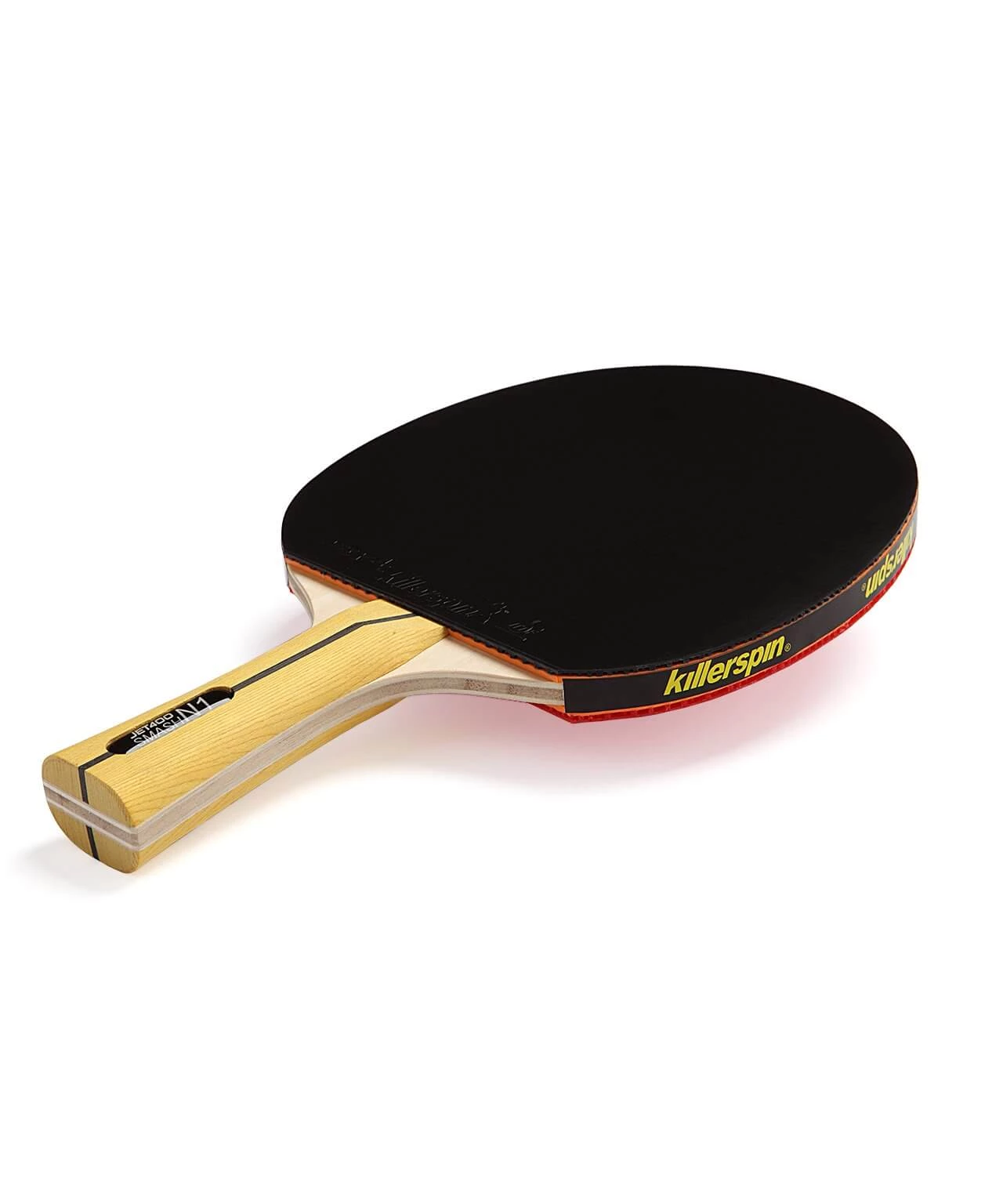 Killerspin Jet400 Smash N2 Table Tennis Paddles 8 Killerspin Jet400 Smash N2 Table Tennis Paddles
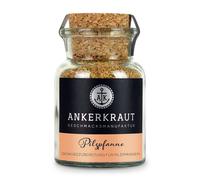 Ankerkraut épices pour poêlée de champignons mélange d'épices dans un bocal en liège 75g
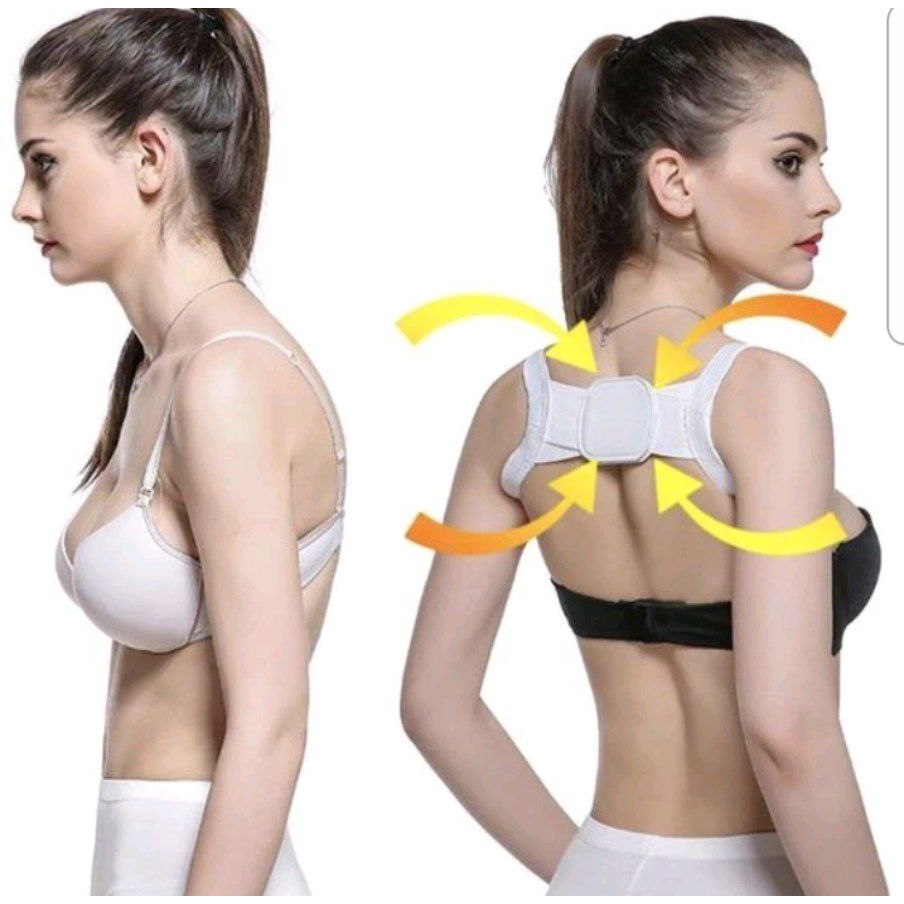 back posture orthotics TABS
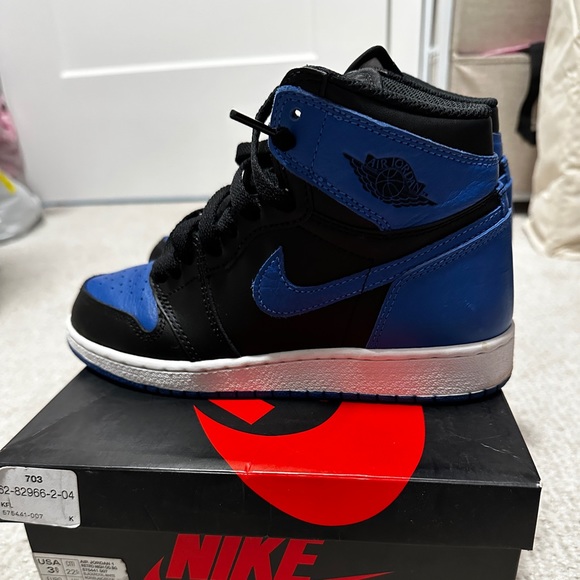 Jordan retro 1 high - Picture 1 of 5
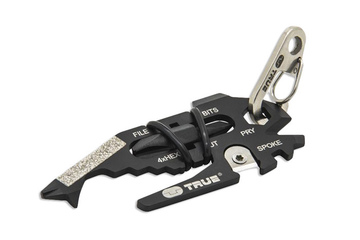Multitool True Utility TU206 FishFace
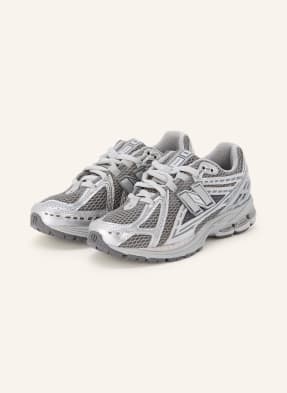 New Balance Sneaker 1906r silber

» WHAT TO PRODUCE: Begin with the line that contains "Jordan retro 1 high - Picture 1 of 5" and copy every line through the end of the listing, exactly as written, both ends included. Pictures are not part of the copy.

» REPLY:
 Jordan retro 1 high - Picture 1 of 5
Multitool True Utility TU206 FishFace
 New Balance Sneaker 1906r silber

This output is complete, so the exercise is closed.